• _About this task_: What is wanted is every line below from the one with "Economic Choice of Transmission Voltage" up to and including the one with "How much is", retyped exactly, pictures excluded, nothing else.

[[ Supplied entries, beginning ]]

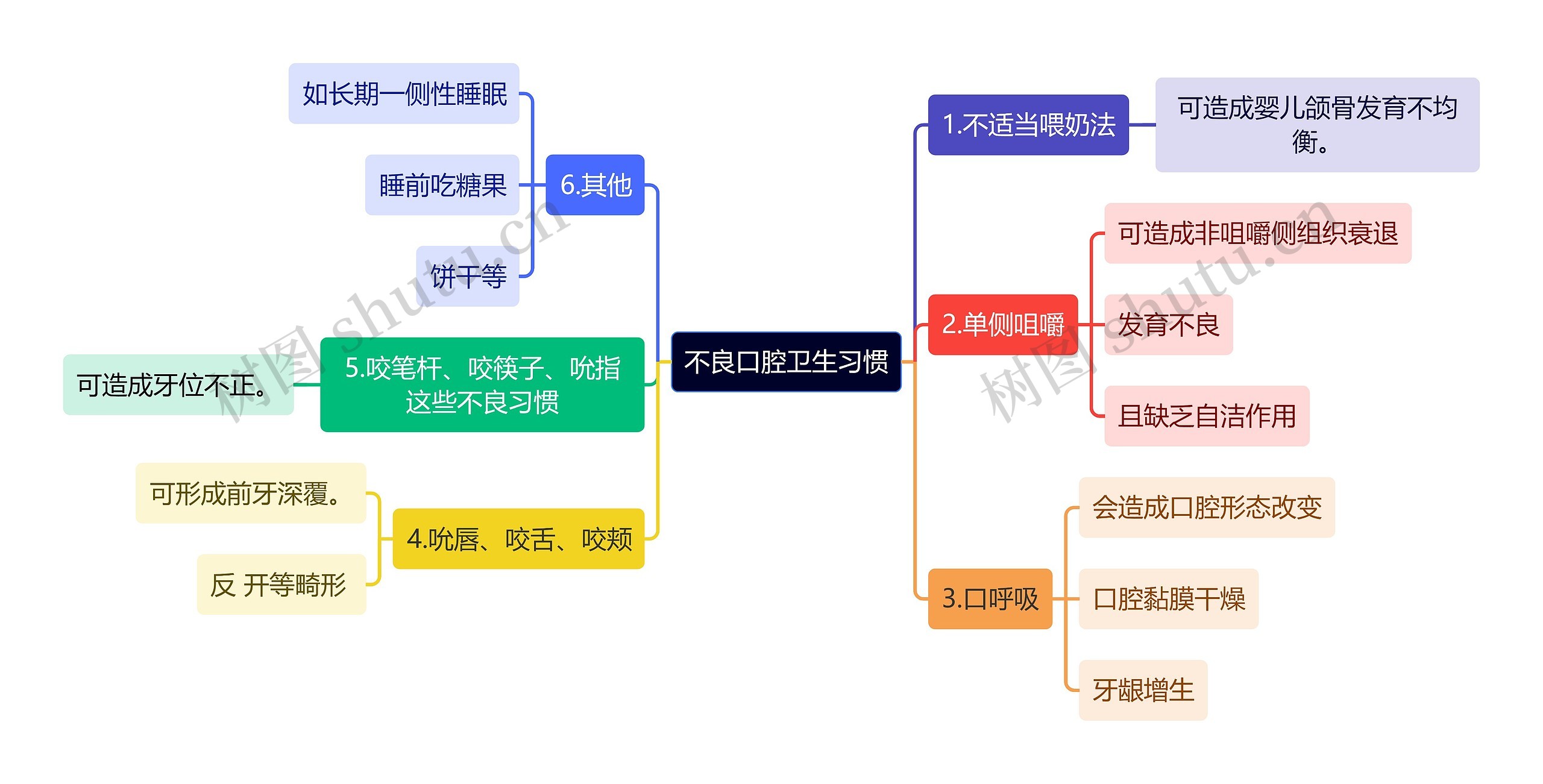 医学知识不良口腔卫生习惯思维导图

[[ Supplied entries, end ]]
[[ Supplied entries, beginning ]]

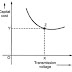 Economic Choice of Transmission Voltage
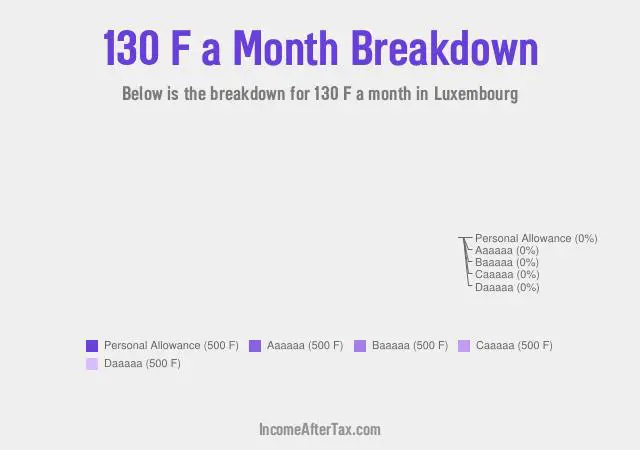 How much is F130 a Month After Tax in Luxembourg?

[[ Supplied entries, end ]]

• _The answer_:
 Economic Choice of Transmission Voltage
 How much is F130 a Month After Tax in Luxembourg?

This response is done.